I am looking for a bit of advice! I am planning on turning 1/4 acre from one of our fields into a vegetable growing area. It is currently used for sheep but they are being moved elsewhere. My question is how best to turn it into something I can plant in.  So far I have narrowed it down to the following:

a. hand dig (lot of back breaking work though)
b. use tractor and rotovator attachment
c. plough this autumn and disc harrow next spring.

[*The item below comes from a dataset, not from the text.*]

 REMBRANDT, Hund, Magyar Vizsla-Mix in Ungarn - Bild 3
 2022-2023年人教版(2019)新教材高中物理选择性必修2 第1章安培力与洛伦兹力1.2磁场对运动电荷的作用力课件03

I should add I do have a tractor but none of the attachments mentioned above, so I would have to buy/hire as necessary. If anyone has any ideas as to the best way, good experience or bad it would be much appreciated.

Cheers

Martin

benkt

  • Joined Apr 2010
  • Cambridgeshire
    • Hempsals Community Farm
Re: New Veg Beds
« Reply #1 on: September 15, 2015, 08:02:53 am »
I'd plough then rotavate/disc depending on how it breaks up over winter. For a little area like that, you could try getting it ploughed for free - we managed that by getting a young lad who wanted practice for ploughing competitions with his mf35 and two furrow plough. Do you have a local ploughing society who might know someone in need of land to practice on?

clydesdaleclopper

  • Joined Aug 2009
  • Aberdeenshire
Re: New Veg Beds
« Reply #2 on: September 15, 2015, 09:42:05 am »
Check out Charles Dowding's videos on you tube about using deep mulch and no digging to turn a pasture into a productive veg patch. I always deep mulch and avoid digging whenever possible as I don't want to damage the soil. Digging breaks up the hyphae of the mychorrizal fungi that are so important to soils
Our holding has Anglo Nubian and British Toggenburg goats, Gotland sheep, Franconian Geese, Blue Swedish ducks, a whole load of mongrel hens and two semi-feral children.

muddypuddle

  • Joined Jul 2015
Re: New Veg Beds
« Reply #3 on: September 15, 2015, 11:46:38 am »
I am not an expert but I would say it depends on what sort of land you have. If you have your own tractor as long as it's light weight I would see about a rotovator as ploughing can break up your soil structure a bit too much and also harder to get hold of this time of year as they are probably in use. Also if you have a heavy tractor running over a small area you are more likely to compact your ground and make it water logged (more so if you are on clay I would say).

marty5787

  • Joined Nov 2014
Re: New Veg Beds
« Reply #4 on: September 15, 2015, 12:31:24 pm »
Hi
Thanks for your answers, I like the idea of a no dig option but think I would struggle to get that amount of muck. I will also look into asking if someone needs practice ploughing I think the Welsh Championships are in a couple of weeks so will ask around if anyone needs the practice. Thanks again

pgkevet

  • Joined Jul 2011
Re: New Veg Beds
« Reply #5 on: September 15, 2015, 07:44:47 pm »
Make friends with your local agricultural engineer... it's he who sourced my 2-furrow and disc harrows for me although I do regret not just getting a pto rotorvator.
I alternate 2 1/4 acre patches... it'll be time now to spray down the fallow one and plough it for the winter next month. It also helps if a nearby farmer is planning on some muck-spreading and doesn't mind a quick detour to splatter your patch before ploughing.
My fallow patch for each year gets all the hen-house waste chucked on it, any woodchippings, woodburner ashes, sawdust etc thrown on it to join the ploughing in arther than bother with compost making. One year i got 14 tons of rotten horse muck donated (had to fetch it)... horse owners have an abudance.

cloddopper

  • Joined Jun 2013
  • South Wales .Carmarthenshire. SA18
Re: New Veg Beds
« Reply #6 on: September 27, 2015, 10:02:08 pm »
How are you getting on with the cultivation Marty ?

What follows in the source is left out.